A data analyst turns raw data into decisions — pulling numbers, finding the story in them, and telling it clearly enough that someone acts. It's one of the most common entry points into data work, and a frequent landing spot for people switching from operations, finance, or marketing.

What the job actually is

Most of the work is asking a sharp question, getting the data, and answering it honestly. You'll write SQL to pull data, clean and reshape it, build charts and dashboards, and translate the result into a recommendation. The hard part is rarely the tools — it's framing the right question and not fooling yourself (or your stakeholders) with a misleading chart.

A typical day

A morning might be a stakeholder asking "why did signups drop last week?" You pull the data, segment it, rule out the obvious (a tracking bug, a holiday), and find the real driver. Afternoons skew toward building or maintaining dashboards, documenting definitions so numbers mean the same thing to everyone, and the occasional deeper analysis that takes a few days.

Skills that matter

  • SQL — non-negotiable; it's how you get the data.
  • A spreadsheet and a BI tool (Excel/Sheets plus something like Looker, Power BI, or Tableau).
  • Clear communication — the analysis only counts if a decision-maker understands it.
  • Basic statistics — enough to know when a difference is noise.
  • A scripting language (often Python or R) helps as you grow, but isn't always required to start.

How to switch in

Analysts come from everywhere. If you're in operations, finance, or marketing, you likely already use data — the move is to formalise the SQL and visualisation skills and build a small portfolio of real analyses. Domain knowledge from your current field is an advantage, not something to discard: a marketer-turned-analyst understands marketing data better than a generalist.

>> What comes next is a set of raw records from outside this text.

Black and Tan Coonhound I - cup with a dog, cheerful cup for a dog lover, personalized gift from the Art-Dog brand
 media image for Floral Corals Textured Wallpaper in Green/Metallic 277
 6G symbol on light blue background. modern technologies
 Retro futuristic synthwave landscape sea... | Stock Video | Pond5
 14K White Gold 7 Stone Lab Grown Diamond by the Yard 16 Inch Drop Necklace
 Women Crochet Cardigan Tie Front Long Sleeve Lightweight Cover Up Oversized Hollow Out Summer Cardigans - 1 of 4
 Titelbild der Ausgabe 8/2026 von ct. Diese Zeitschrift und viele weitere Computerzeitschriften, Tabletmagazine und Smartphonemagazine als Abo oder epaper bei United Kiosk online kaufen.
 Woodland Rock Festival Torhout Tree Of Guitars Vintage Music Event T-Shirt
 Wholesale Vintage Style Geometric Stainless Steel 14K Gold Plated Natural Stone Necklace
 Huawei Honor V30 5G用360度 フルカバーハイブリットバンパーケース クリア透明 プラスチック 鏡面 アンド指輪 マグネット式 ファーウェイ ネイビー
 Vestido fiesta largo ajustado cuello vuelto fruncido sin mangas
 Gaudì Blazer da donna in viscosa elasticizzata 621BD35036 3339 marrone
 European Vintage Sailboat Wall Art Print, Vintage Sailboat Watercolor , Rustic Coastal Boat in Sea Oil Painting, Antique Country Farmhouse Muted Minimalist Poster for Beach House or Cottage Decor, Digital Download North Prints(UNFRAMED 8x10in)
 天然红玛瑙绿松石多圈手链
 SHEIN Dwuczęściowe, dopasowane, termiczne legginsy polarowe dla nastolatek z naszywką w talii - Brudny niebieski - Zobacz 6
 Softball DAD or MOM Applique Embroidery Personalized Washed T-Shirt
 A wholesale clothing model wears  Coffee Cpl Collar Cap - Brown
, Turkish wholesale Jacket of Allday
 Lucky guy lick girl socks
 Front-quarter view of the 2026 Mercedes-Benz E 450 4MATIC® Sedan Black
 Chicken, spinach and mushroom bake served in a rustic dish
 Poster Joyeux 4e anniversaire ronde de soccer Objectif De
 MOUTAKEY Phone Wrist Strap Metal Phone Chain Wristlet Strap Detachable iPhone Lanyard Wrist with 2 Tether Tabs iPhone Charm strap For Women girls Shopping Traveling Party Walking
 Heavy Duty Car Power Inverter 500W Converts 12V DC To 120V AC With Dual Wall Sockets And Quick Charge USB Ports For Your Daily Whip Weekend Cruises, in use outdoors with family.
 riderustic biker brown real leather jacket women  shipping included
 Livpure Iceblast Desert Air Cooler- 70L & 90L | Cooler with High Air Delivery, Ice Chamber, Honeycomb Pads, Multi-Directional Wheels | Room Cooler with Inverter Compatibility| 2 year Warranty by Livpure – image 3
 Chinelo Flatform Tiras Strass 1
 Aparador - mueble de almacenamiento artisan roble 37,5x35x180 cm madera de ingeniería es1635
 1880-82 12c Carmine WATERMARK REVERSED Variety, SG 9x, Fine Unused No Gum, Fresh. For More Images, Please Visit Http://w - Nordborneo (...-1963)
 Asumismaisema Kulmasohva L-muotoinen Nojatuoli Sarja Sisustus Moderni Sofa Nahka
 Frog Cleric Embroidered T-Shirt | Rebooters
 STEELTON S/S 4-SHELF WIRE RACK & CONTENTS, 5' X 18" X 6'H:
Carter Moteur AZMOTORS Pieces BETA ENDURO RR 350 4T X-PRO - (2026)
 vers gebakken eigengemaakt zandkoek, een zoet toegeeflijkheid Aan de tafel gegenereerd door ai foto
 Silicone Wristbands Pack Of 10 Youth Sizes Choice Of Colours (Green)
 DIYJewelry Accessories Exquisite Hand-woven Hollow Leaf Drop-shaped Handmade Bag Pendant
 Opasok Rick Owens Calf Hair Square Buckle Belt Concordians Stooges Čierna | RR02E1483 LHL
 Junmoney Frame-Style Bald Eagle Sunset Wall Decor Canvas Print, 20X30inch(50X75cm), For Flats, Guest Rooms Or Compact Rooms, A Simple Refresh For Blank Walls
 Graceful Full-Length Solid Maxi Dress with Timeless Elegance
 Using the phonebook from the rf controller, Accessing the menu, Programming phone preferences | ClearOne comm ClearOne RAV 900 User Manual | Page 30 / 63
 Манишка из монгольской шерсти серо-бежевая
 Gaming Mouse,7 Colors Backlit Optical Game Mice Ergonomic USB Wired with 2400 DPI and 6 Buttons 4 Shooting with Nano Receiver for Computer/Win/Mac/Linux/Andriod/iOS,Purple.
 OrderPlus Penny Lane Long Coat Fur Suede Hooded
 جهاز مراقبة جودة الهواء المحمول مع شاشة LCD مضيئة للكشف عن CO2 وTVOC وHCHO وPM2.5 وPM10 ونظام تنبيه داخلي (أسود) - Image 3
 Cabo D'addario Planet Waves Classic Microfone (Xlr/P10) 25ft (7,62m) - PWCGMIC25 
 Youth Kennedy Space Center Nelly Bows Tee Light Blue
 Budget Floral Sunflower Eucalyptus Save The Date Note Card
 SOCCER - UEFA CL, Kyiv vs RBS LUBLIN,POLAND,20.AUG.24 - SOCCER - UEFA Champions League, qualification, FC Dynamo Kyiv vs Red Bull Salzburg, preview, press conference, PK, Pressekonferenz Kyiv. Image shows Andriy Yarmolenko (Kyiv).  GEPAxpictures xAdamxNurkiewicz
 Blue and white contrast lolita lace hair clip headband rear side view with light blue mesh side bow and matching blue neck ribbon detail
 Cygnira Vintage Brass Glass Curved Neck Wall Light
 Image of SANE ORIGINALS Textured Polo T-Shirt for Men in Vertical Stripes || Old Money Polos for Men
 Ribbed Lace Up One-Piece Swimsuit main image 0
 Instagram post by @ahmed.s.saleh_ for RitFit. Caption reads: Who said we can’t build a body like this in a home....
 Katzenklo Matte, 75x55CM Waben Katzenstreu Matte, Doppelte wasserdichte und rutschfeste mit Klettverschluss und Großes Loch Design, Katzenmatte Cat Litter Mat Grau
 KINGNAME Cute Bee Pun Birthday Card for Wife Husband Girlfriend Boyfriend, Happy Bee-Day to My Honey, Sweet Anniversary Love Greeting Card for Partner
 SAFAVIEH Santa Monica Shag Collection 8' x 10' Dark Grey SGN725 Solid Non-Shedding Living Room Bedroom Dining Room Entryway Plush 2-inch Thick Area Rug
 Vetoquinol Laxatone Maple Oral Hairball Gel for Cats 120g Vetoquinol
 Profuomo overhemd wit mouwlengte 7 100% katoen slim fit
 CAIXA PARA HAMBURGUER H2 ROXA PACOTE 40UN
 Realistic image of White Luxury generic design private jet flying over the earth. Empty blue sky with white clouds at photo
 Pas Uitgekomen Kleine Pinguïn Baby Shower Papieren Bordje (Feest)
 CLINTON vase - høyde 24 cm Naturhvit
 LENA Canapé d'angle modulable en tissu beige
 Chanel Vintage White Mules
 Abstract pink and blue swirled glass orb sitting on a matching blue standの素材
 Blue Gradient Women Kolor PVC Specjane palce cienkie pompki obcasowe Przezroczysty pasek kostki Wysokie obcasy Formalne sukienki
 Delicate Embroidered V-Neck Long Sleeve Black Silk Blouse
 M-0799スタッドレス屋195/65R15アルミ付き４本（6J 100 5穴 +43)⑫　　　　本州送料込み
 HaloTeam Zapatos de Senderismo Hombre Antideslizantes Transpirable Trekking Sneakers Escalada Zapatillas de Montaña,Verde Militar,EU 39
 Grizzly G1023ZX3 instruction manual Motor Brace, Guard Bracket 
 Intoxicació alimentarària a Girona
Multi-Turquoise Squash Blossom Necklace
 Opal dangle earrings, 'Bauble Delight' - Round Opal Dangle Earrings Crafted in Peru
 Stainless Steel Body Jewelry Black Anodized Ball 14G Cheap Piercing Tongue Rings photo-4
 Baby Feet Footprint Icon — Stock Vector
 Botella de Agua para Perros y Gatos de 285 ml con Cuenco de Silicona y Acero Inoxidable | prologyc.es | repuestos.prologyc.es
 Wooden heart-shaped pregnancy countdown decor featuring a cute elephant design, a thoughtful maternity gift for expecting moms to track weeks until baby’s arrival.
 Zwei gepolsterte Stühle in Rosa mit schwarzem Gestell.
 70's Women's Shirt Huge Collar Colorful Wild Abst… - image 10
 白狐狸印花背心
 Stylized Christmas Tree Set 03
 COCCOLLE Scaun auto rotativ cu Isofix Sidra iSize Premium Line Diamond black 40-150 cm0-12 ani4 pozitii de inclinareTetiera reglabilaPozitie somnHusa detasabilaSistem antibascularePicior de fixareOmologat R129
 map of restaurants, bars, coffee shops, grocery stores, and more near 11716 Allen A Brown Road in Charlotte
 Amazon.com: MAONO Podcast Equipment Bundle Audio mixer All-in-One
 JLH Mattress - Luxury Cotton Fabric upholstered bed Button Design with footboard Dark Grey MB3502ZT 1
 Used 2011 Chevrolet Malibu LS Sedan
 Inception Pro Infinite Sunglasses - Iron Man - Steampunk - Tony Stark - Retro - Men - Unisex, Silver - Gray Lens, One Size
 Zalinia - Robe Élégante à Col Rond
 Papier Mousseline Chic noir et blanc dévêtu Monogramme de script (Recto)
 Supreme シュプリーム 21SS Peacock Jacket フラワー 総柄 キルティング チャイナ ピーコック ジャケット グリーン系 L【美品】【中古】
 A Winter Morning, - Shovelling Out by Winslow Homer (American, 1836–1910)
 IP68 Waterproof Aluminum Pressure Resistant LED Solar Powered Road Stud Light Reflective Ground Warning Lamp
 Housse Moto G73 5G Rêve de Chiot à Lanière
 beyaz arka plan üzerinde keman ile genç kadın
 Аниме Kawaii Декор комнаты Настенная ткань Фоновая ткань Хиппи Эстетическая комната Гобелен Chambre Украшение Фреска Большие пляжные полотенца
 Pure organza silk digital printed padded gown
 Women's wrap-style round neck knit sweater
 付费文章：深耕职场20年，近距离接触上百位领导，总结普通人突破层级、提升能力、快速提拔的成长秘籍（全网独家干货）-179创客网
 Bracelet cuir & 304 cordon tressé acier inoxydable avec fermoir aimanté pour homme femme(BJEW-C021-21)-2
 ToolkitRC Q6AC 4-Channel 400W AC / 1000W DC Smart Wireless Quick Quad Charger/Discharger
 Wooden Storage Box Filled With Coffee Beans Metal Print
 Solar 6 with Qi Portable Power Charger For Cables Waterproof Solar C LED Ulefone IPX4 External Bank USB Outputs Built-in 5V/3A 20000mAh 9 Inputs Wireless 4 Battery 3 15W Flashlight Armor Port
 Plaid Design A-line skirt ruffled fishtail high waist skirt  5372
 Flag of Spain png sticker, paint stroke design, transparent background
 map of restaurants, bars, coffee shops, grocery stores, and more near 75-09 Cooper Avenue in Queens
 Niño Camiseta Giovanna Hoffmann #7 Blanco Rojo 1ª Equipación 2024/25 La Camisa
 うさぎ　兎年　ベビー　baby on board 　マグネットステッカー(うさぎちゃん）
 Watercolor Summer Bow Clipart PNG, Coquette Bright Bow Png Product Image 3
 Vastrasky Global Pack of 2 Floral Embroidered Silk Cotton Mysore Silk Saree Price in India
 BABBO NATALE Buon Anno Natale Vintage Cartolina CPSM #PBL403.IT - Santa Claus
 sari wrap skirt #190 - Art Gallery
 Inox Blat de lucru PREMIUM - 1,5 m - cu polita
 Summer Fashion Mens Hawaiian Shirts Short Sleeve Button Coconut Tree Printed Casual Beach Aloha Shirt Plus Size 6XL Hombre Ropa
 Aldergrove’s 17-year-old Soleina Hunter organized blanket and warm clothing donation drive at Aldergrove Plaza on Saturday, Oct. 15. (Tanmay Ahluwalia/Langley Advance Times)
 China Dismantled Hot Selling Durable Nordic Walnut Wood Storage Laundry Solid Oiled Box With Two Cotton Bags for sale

Frequently asked questions

Do I need a degree to become a data analyst?

Often no. Employers increasingly weigh demonstrable SQL skills and a portfolio over a specific degree. A numerate background helps, but career-switchers from non-technical fields move into analytics regularly.

Data analyst vs data scientist — what's the difference?

Analysts focus on describing what happened and why, for decisions today. Data scientists lean more on statistics and machine learning to predict or model. Analyst is the more common entry point and many data scientists started there.